The task:
Copy each line of the material beneath that holds the word "glass".

Data records:
--------------------

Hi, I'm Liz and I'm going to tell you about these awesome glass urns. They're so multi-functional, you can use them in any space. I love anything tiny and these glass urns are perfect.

--------------------

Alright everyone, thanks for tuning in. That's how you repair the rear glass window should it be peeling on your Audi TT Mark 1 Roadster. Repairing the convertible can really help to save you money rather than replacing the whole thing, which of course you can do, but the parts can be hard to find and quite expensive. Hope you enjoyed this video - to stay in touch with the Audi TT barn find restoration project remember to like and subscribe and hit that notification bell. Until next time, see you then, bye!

--------------------

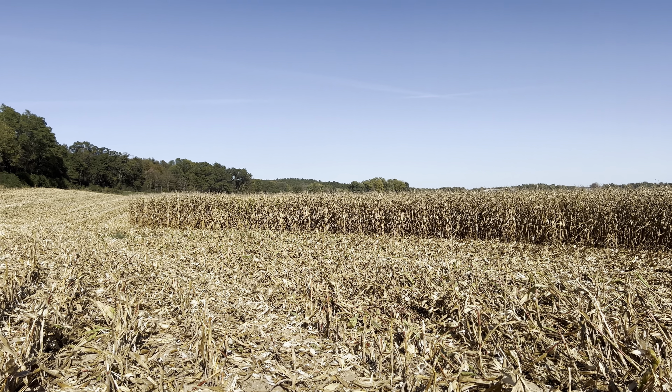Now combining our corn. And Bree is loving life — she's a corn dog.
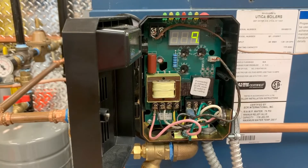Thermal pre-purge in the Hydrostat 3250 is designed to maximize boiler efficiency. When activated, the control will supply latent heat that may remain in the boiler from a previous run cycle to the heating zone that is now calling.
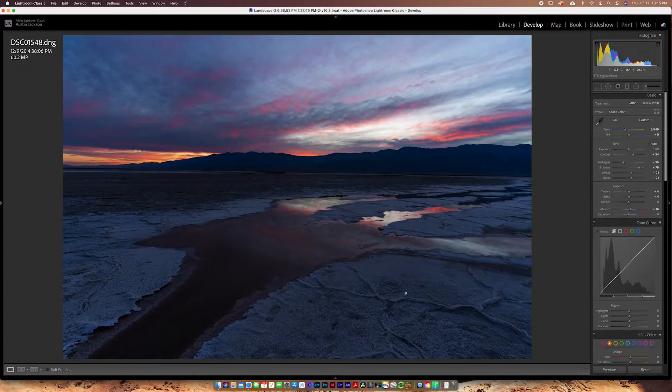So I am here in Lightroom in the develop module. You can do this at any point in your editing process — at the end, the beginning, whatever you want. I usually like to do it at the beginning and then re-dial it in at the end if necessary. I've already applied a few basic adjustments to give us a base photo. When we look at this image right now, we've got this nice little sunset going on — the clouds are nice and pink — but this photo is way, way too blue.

--------------------

The completed task:
Hi, I'm Liz and I'm going to tell you about these awesome glass urns. They're so multi-functional, you can use them in any space. I love anything tiny and these glass urns are perfect.
Alright everyone, thanks for tuning in. That's how you repair the rear glass window should it be peeling on your Audi TT Mark 1 Roadster. Repairing the convertible can really help to save you money rather than replacing the whole thing, which of course you can do, but the parts can be hard to find and quite expensive. Hope you enjoyed this video - to stay in touch with the Audi TT barn find restoration project remember to like and subscribe and hit that notification bell. Until next time, see you then, bye!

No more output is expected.